Making an argument that’s been made before in Capitol Hill debates and in legal petitions over the past year, the governors say unresolved statutory language dating back to the Clean Air Act Amendments of 1990 precludes EPA from regulating the same pollution sources under the law’s Sections 111(d) and 112 even if the agency is acting in two separate emission categories.

EPA’s supporters say the agency should get deference when there is doubt about congressional intent, but the governors call the decades-old disagreement between House and Senate amendments “unambiguous.”

Even if the agency does have legal authority to regulate power plants under 111(d), they write, that section’s language confines any rules to the physical boundaries of power plants. In its June 2 rollout of the proposal, EPA drew on a suite of systemwide reduction options — including demand-side efficiency and renewable energy — when determining state obligations.

“In addition to these legal prohibitions, the rule poses numerous practical problems for state compliance,” the governors wrote. “These problems reflect your administration’s decision to move forward with the proposed regulation without considering or understanding — among other crucial matters — our state energy markets and infrastructure needs.”

They asked whether the Obama administration believes the federal government would claim the right to enforce state policies — such as renewable energy standards — if they were included in state-written plans for the rule.

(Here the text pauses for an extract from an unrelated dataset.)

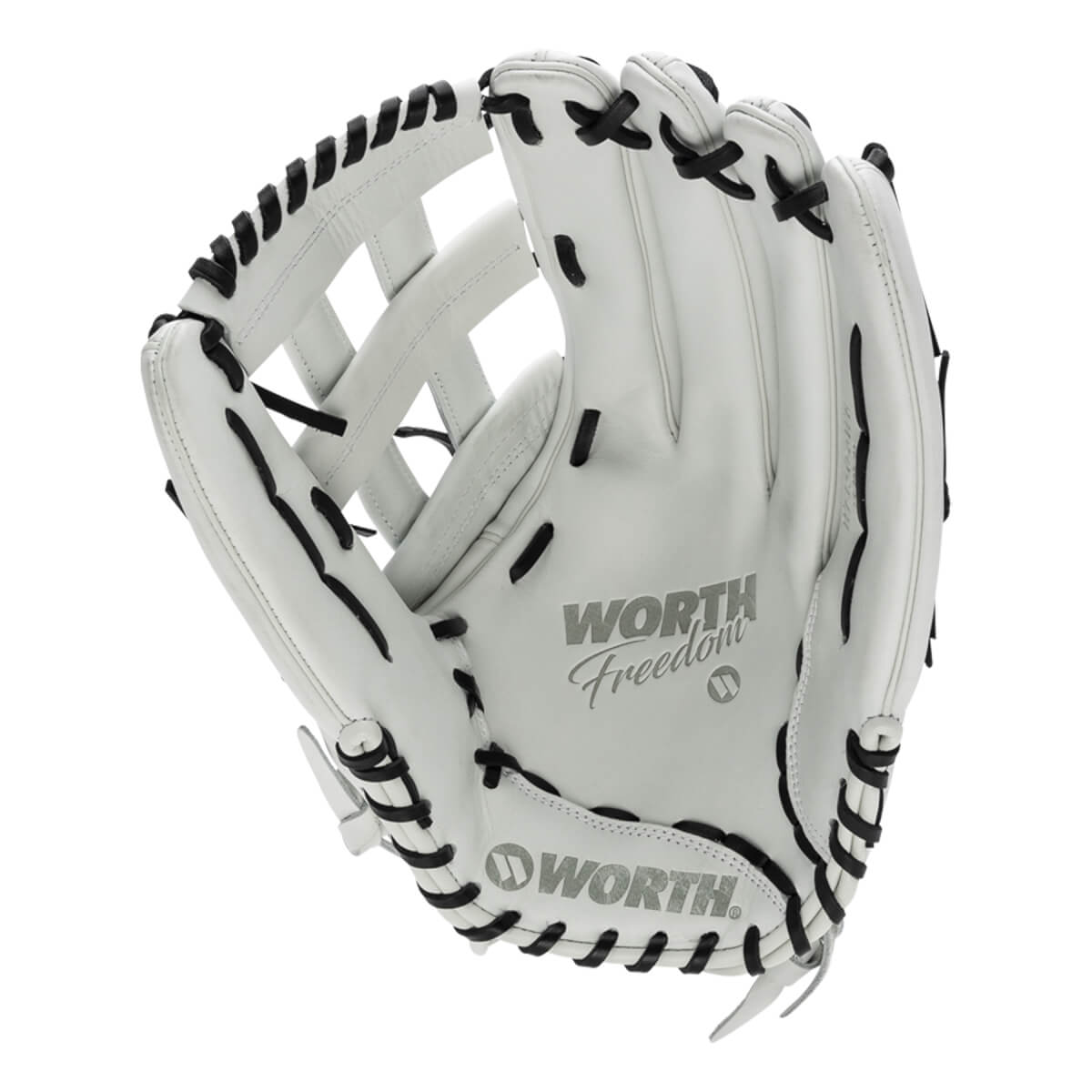 Worth Freedom 15" Slow Pitch Softball Glove: WWF150-6WB: Image #435514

Other concerns for the governors: the siting of new zero-carbon power generation, the feasibility of building new natural gas transmission infrastructure to support gas-fired plants to replace higher carbon coal-fired power, and questions about the disposal of nuclear waste.

They also noted that some states produce power that is sold across state lines, but the energy-producing states bear most of the burden for making emission reductions.

“The economic health of our nation depends on accomplishing a balanced energy and environment policy,” they wrote. “States should be pursuing a strategy that achieves its objectives without severely harming our economies and pitting states against one another.”

The letter covers well-trodden ground. Some of the states represented on the letter have already joined legal petitions challenging EPA’s right to regulate, and industry has signaled that it intends to challenge any rule that extends beyond a power plant’s fence line.

These questions could also play out as states prepare to implement the rule.

At a House Energy and Commerce Subcommittee hearing yesterday, Ken Anderson, a member of the Public Utility Commission of Texas, said his state might be reluctant to write a state implementation plan (SIP) that goes beyond the fence line because its officials would worry whether they were “handing the keys to our whole system in effect over to EPA, and perhaps even more challenging, to various third parties who would then have the ability to file federal civil lawsuits to enforce the SIP.”

He said that Texas’ regulatory agencies are not yet focused on whether or not to write a plan, but that they had been advised that a SIP could undermine challenges to the EPA rule.